Нет, ну что за сила дернула за его неболтливый, в общем-то, язык?!

Крысолов хмыкнул. Поерзал, устраиваясь поудобнее:

— Ой как интересно… Из Лура?

— Из Косых Углов. Это западнее.

— Смотри ты, совсем ведь рядом… К родителям ездишь?

Гай хотел соврать, но не решился:

— Нет.

Этим «нет» он изо всех сил попытался поставить жирную точку; Крысолов, однако, плевать хотел на все знаки препинания.

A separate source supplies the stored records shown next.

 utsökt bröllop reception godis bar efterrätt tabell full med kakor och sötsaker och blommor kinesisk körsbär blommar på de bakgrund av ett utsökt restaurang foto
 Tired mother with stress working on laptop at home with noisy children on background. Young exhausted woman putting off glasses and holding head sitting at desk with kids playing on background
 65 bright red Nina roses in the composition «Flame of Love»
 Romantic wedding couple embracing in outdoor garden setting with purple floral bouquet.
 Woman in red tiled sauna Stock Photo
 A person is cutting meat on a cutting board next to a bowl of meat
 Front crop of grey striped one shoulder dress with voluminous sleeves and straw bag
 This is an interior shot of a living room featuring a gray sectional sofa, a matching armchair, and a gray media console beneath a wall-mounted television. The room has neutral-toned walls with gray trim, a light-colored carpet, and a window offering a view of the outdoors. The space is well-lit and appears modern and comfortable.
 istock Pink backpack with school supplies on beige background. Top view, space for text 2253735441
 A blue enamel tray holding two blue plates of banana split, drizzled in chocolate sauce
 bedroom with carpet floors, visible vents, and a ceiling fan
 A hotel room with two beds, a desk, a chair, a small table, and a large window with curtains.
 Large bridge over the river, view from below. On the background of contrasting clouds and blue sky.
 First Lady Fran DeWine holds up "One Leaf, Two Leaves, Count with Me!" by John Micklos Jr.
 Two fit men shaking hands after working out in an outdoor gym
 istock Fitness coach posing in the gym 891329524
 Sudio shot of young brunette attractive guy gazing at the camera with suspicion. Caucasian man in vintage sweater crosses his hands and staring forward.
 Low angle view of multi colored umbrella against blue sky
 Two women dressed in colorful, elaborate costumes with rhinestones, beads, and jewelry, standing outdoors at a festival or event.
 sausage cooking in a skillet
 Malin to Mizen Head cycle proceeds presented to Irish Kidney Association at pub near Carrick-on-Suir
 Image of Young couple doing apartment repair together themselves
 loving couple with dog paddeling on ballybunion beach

— Нет? Но родители живы, надеюсь?

— И я надеюсь, — пробормотал Гай устало.

— Да где же они у тебя?

— А кто его знает…

И снова они молчали, но Крысолов не отводил взгляда, смотрел на Гая, и сквозь Гая, и внутрь Гая, в самое нутро, и тот не выдержал наконец:

— Ну не хочу я говорить! Причем тут… Мы что, об этом уговаривались? «За жизнь» рассказывать — уговаривались, да?!

— Не кричи.

Гай осекся. Фургончик, пискнув тормозами, остановился у обочины; Гай стискивал зубы, ему казалось, что он — закупоренный кувшин со жгучим содержимым, и печать во-вот слетит, потому что нечто, наполняющее сосуд по самое горлышко, поднимается и растет, и просит выхода…

Его распирали слова. Он как мог сдерживался — но слова стояли уже у самого горла.

— Ну… Да ладно, не держи себя. Я слушаю, парень.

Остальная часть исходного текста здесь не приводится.